**What the task requires**
An exact copy of every record, with no pictures, please.
··· Data in this exercise
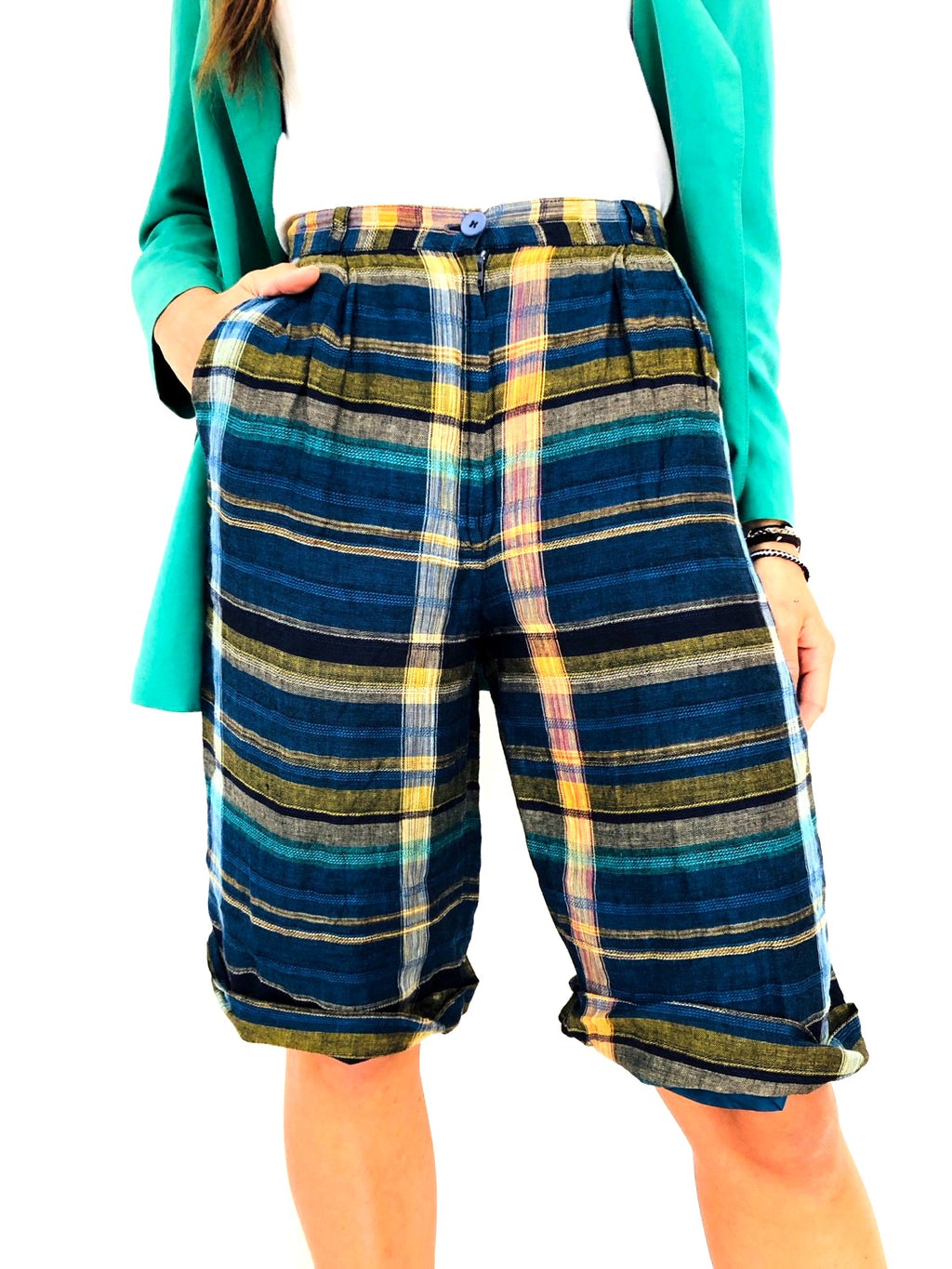 SHORTS IN LINO VINTAGE
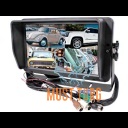 HD digital touch screen 10.1 "10-32V 4 channels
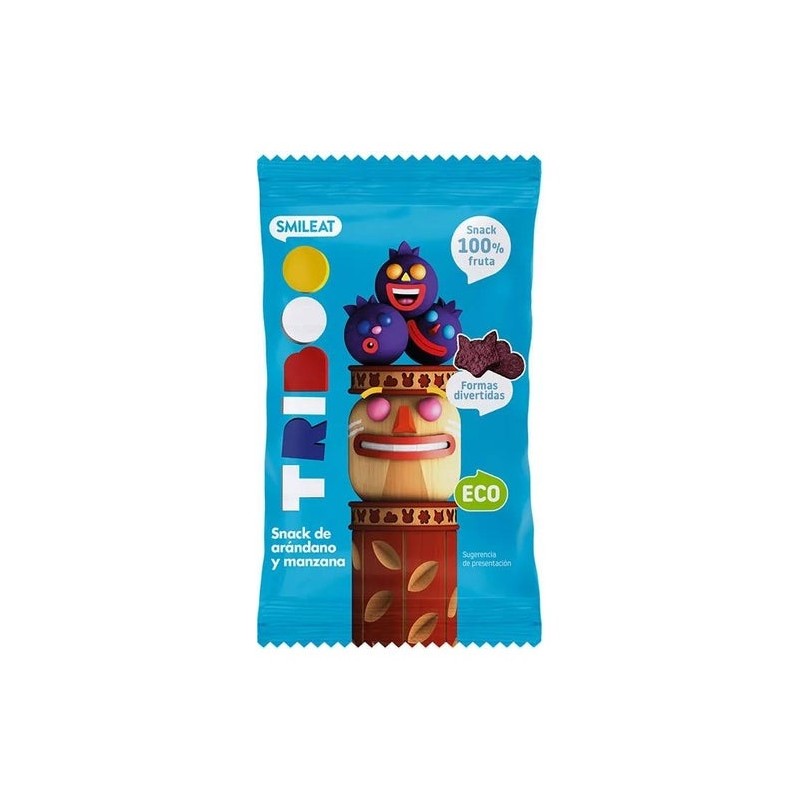 Smileat Snack Arándano Manzana Eco 25G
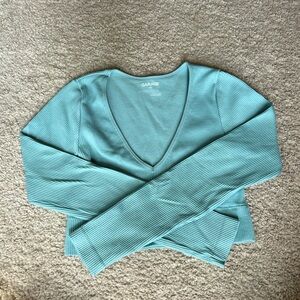 Garage cropped, ribbed long sleeve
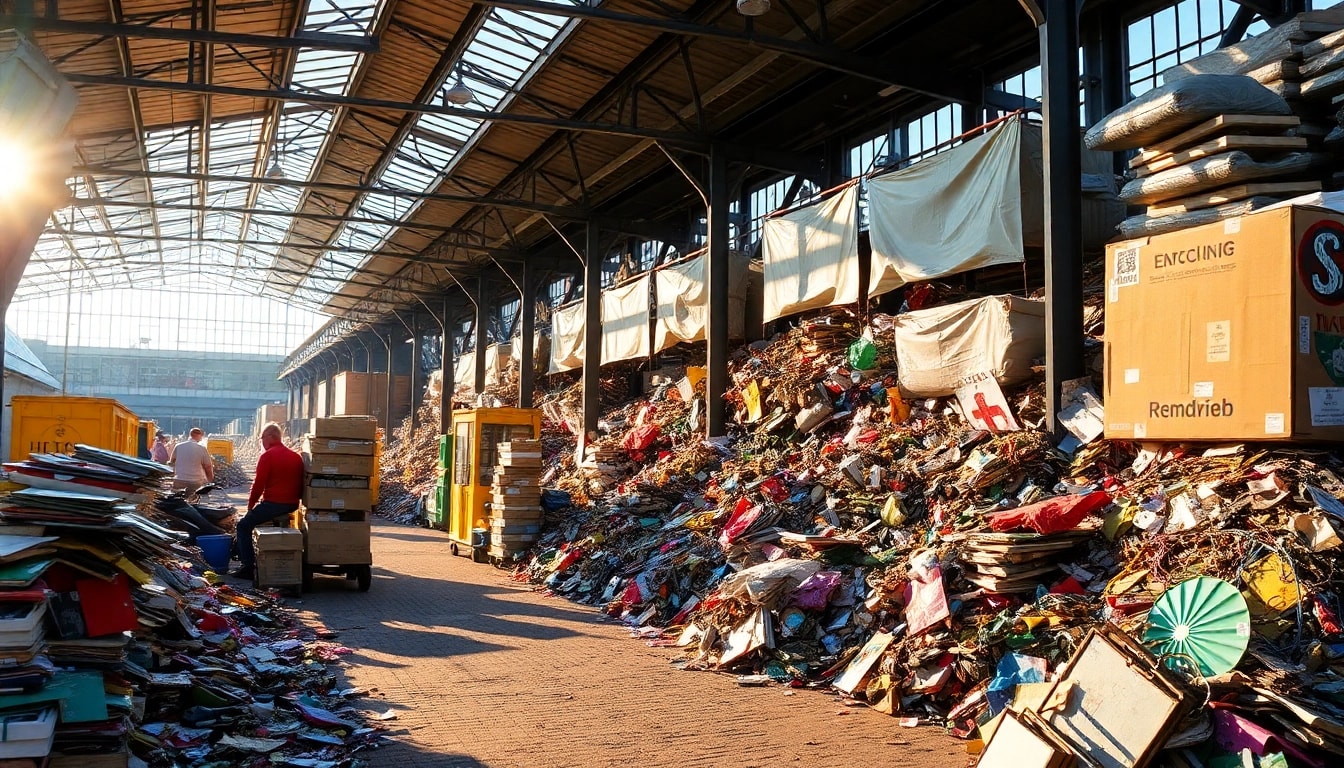 Transform your recycled materials at Schrottplatz Remscheid with competitive pricing and efficient service.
······
**Answer box**
 SHORTS IN LINO VINTAGE
 HD digital touch screen 10.1 "10-32V 4 channels
 Smileat Snack Arándano Manzana Eco 25G
 Garage cropped, ribbed long sleeve
 Transform your recycled materials at Schrottplatz Remscheid with competitive pricing and efficient service.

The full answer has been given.